Policy gradient, rigorously

Lesson 03 stated the policy-gradient theorem ∇J = 𝔼[G · ∇log π] and lesson 06 leaned on it to run A3C across many actors. We took it on faith. Now we prove it from the objective up, dissect every piece, and pin down the one thing that controls whether any of it works in practice: the variance of the estimator.

What we are standing on

By now the symbols are reflexes: state s, action a, reward r, transition P(s'|s,a), discount γ, the return G_t = ∑_k≥0 γ^k r_t+k, a parameterized policy π_θ(a|s), and the value V^π(s) = 𝔼[G_t|s_t=s]. Lesson 03 wrote the gradient down and used it; lesson 06 distributed it across workers. Neither derived it. The whole lineage that follows — advantages and GAE (08), importance sampling (09), trust regions and PPO (10–11) — is variance-reduction surgery on the object we are about to build, so we had better know exactly what it is.

The plan

Four moves. (1) Write the objective and the probability of a trajectory. (2) Differentiate with the log-derivative trick — and watch the transition terms vanish. (3) Sharpen it twice for free: causality / reward-to-go, then a baseline. (4) Decompose the variance to see why each fix helps, and add an entropy bonus so we keep exploring while we do it.
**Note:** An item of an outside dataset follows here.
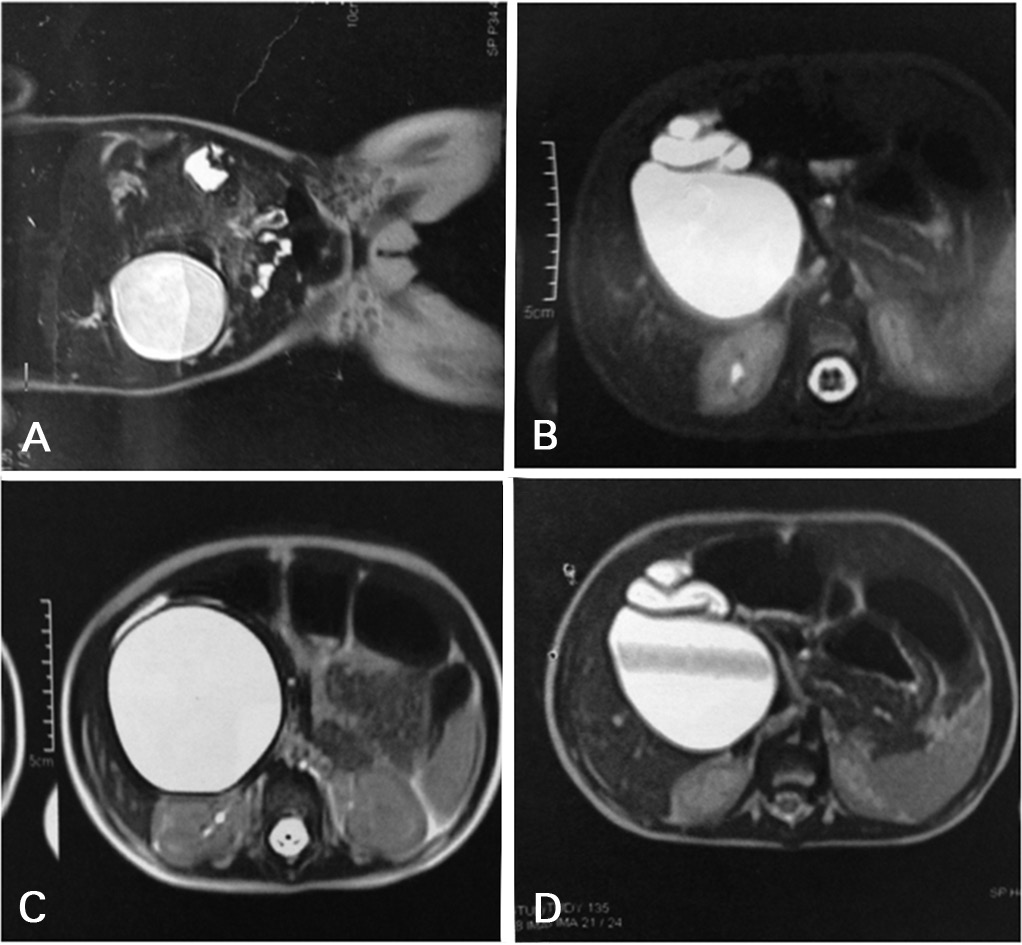 A hiperbilirrubinemia com predomínio da fração indireta (não conjugada) ocorre pelos seguintes mecanismos: aumento da carga de bilirrubina a ser metabolizada pelo fígado (hemólise intravascular,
1 · The objective and the trajectory distribution

We want the policy that maximizes expected return. Let τ = (s₀, a₀, r₀, s₁, a₁, r₁, …) be a trajectory rolled out under π_θ, and let R(τ) = ∑_t γ^t r_t be its discounted return. The objective is

J(θ) = 𝔼_{τ ∼ π_θ} [ R(τ) ] = ∑_τ P_θ(τ) · R(τ) .

The only thing that depends on θ here is P_θ(τ), the probability the policy assigns to that trajectory. By the Markov property it factorizes — the start state, then alternating policy choices and environment transitions:

P_θ(τ) = ρ₀(s₀) · ∏_t=0^T−1 π_θ(a_t|s_t) · P(s_t+1|s_t,a_t) .

Take the log and a product becomes a sum — this is the move that makes the gradient tractable:

log P_θ(τ) = log ρ₀(s₀) + ∑_t [ log π_θ(a_t|s_t) + log P(s_t+1|s_t,a_t) ] .

Stare at the right-hand side and mark which terms touch θ. The start-state distribution ρ₀ does not. The transitions P(s_t+1|s_t,a_t) do not — those are the environment's physics, not the policy's. Only the log π_θ terms do.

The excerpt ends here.